This background section is provided for the purpose of generally describing the context of the disclosure. Work of the presently named inventor(s), to the extent the work is described in this background section, as well as aspects of the description that may not otherwise qualify as prior art at the time of filing, are neither expressly nor impliedly admitted as prior art against the present disclosure.
To meet the demands of conducting business professionally in a mobile environment, mobile professionals seek out premium headsets with sophisticated functions such as microphone mute, volume, answer/end call, and even voice commands to help manage the quality of their communications. User interfaces to control these functions typically require physical buttons or a list of voice commands that the wearer can speak, usually stored in the firmware of the headset.
The lack of a visual user interface for these functions while wearing the headset causes anxiety to the user.
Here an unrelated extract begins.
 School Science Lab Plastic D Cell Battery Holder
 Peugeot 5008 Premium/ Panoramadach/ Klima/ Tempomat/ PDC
Users become uncertain of the microphone mute status of the call, or miss critical information when on a call in loud environments, because they can't find the buttons to change call volume in the headset.
Previous solutions fall into two categories of call control interfaces. With a physical headset user interface, buttons on the headset itself control the microphone mute status of a call, volume of the call, redial, call answer/end ability, and the like. With a PC/Mobile graphical user interface, voice controls stored in the headset firmware allow hands-free voice control including but not limited to pairing the device, answering/ending a call, recognizing and calling a stored contact by name, querying what other voice commands are available with “what can I say?” and the like. Selectable icons to control the call status (microphone mute, volume, answer/end) are typically found in the user interface of softphone clients or in the telephony client of a mobile device/PC.